How not to get kicked out or locked out
• Don’t record the studio clips! Yes, they will watch you, and when you post it on YouTube, the studio could even boycott showing clips next year.
• Don’t bring an animal – it’s horribly cruel and traumatic and it can cause problems. Service animals are trained for this, but even they can get overwhelmed or overrun in the melee.
• No, you can’t get back in the same door if you left to pee. No, your seat isn’t being saved for you, even if your friend thinks they can do that. You should have gone on Wednesday like everyone else.
• Scoot in and don’t put your stuff in a chair next to you. Every panel, whether it’s in Hall H or in the smallest 280-seater, is first come first serve but also very limited. Let everyone in who wants to get in and make room.
• Keep your badge handy. Sure, you want it out of sight so it doesn’t ruin photos of your awesome costume, but if you can pop it out or conceal it in an easily flashed way, you’ll get through the doors faster and help mitigate bottlenecks.
• Beta test your costume for maneuverability and safety. Big costumes are amazing, but on the vendor floor or sitting in a panel they can impede fun for you and the people behind you. Take it to your local mall and see if you can navigate pretty easily in a clothing shop without pulling product off the racks or costume pieces off yourself. If you can’t navigate in a Claire’s, you have no chance in hell of getting within a mile of the WB water tower.

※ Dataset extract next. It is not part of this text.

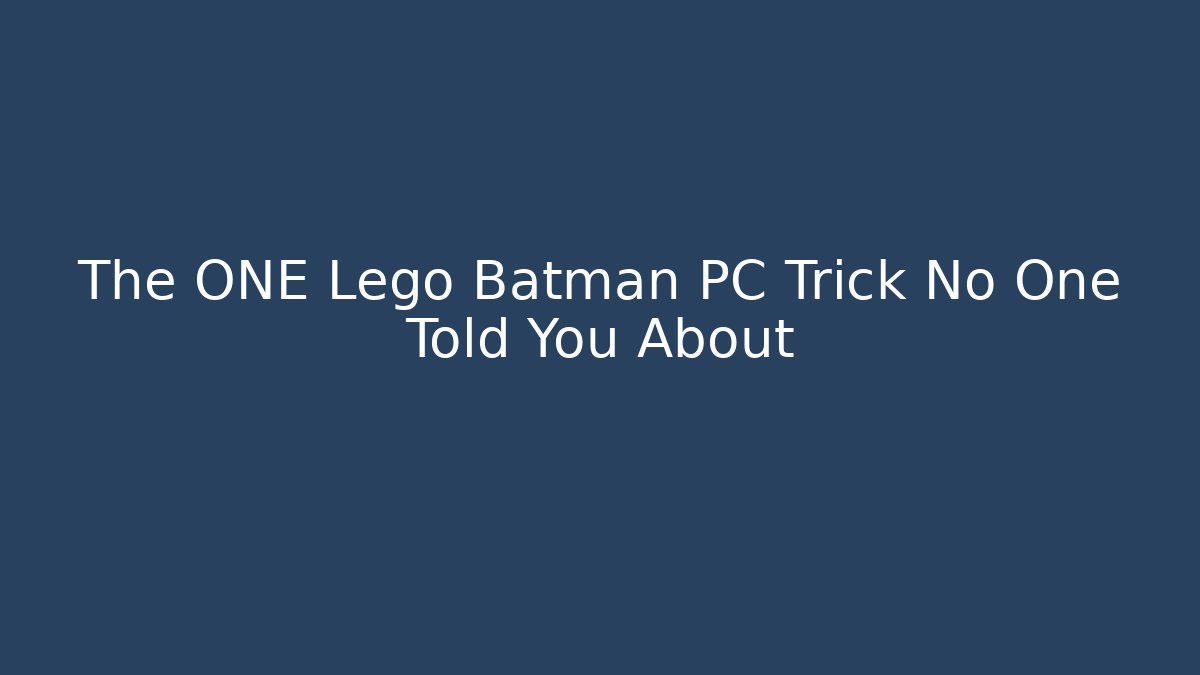 The ONE Lego Batman PC Trick No One Told You About - Smart Esu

Pro Tip: Be awesome no matter what you do!
Hall H: It’s a bear.
Seating over 6500 people, it’s the big ticket place to see all the biggest stars, announcements, and panels. It also is the longest line, in the sun.
In 2010, folks lined up for the Thursday, 10am Twilight panel starting at 2am Tuesday morning. After that panel was done, the hall was totally emptied because those fans weren’t interested in whatever came afterward. Look at the schedule and plan accordingly. You will be in line a long time, but a long chunk of line gets in at a time. Sometimes you can waltz in, and sometimes you wait for 3 hours or 5 or more.

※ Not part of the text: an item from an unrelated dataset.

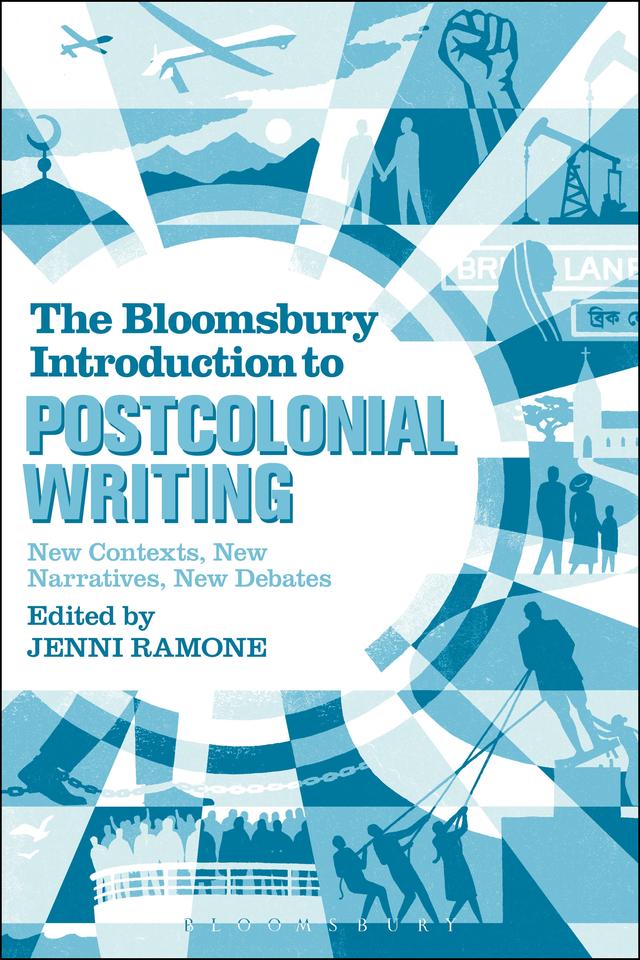 The Bloomsbury Introduction to Postcolonial Writing by Jenni Ramone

As of press time the no-room-clearing between panels policy still stands: if you get in, stay in. To exit means to get back in line. One year I needed to get my cell phone charger cable from someone in Hall H and it was simply not possible for him to stick his arm out the door at me. Always roll with disappointments. The big rooms that break between panels are 6A, 6BCF, 6DE, Ballroom 20, and Hall H. The rest just have a quick turnover so your opportunity to fix a mistake is brief.
4800 people crowd in here to see the second most popular panels, which are still usually huge things like Walking Dead or Game of Thrones. In 2011 the 11am Walking Dead line had already reached room capacity by 6am.
Plan accordingly. The upside is that the content of the panels (except for whatever clips the studios show) will be on YouTube within a week thanks to amateurs and professionals, so you’re only missing the admittedly awesome experience of being there in the room with the people. I’m not dismissing that – being 30 feet away from the cast of Chuck while Jeffster rocked our socks off is one of my favorite SDCC memories of all time – but at least you can see what happened if you miss it.
Know your zeitgeist!
SDCC covers a lot of things. People are excited about Guardians of the Galaxy and the new Doctor; Game of Thrones is blowing up and True Blood is ending. Oh and I think there’s something going on with Star Wars? You can predict that related events will be mobbed. At press time the schedule was not yet posted – it should be a week from now – so I don’t know what will be trending. For example, this year is the 10th anniversary of Lost and the Lost panels in Hall H were always mad scenes, so whether Lost is your thing or not, you should know that if your thing is competing with or coming after Lost, you should get in line earlier than you might think.